Presseerklärung der VVN-BdA vom 22.11.2019
Antifaschismus muss gemeinnützig bleiben!
Schwerer Angriff auf die VVN-BdA
Am 4. November hat das Finanzamt für Körperschaften I des Landes Berlin
der Bundesvereinigung der Vereinigung der Verfolgten des Naziregimes –
Bund der Antifaschistinnen und Antifaschisten (VVN-BdA) e.V. die
Gemeinnützigkeit entzogen. Damit verbunden sind vorerst
Steuernachforderungen in fünfstelliger Höhe, die noch in diesem Jahr
fällig werden. Weitere erhebliche Nachforderungen sind zu erwarten und
auch zukünftig drohen wesentlich höhere steuerliche Belastungen.

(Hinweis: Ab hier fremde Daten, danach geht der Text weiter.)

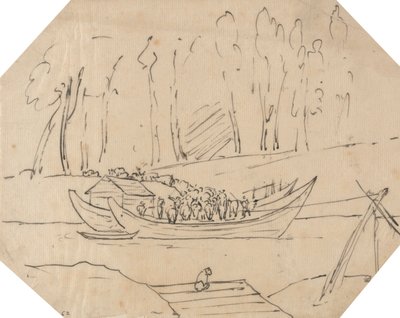 Cattle on a Boat by John Robert Cozens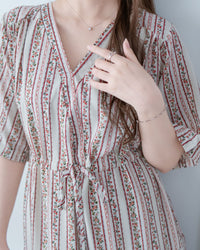 French Patterned Dress
 法式防皺直條紋印花連身裙/ DS1093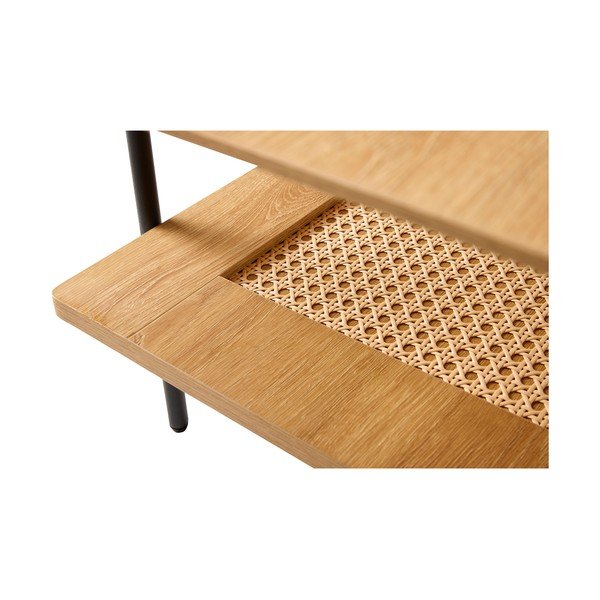 Natúr színű dohányzóasztal tölgyfa dekorral 55x110 cm Pensacola – Unique Furniture-image-2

Damit
ist die VVN-BdA in ihrer Existenz bedroht.
Das Finanzamt Berlin handelt damit anders, als das Finanzamt
Oberhausen-Süd, das der Landesvereinigung NRW die Gemeinnützigkeit am
22. Oktober gewährt hat. In beiden Fällen war derselbe Vorwurf erhoben
worden. Er besteht darin, dass die Landesvereinigung Bayern der VVN-BdA
im bayrischen Verfassungsschutzbericht wiederholt als linksextremistisch
beeinflusst dargestellt wird. Während das Finanzamt Oberhausen-Süd der
Widerrede der VVN-BdA im Anhörungsverfahren entsprach, beharrt das
Berliner darauf, dass „der volle Beweis des Gegenteils, als Widerlegung
der Vermutung als extremistische Organisation“ nicht erbracht worden sei.
Das bedeutet, dass die Bewertung durch eine nachgeordnete bayrische
Landesbehörde, die laut bayrischem Gerichtshof keine Tatsachenbehauptung
darstellt, demnach über das Schicksal einer bundesweit arbeitenden
zivilgesellschaftlichen Organisation entscheiden dürfen soll.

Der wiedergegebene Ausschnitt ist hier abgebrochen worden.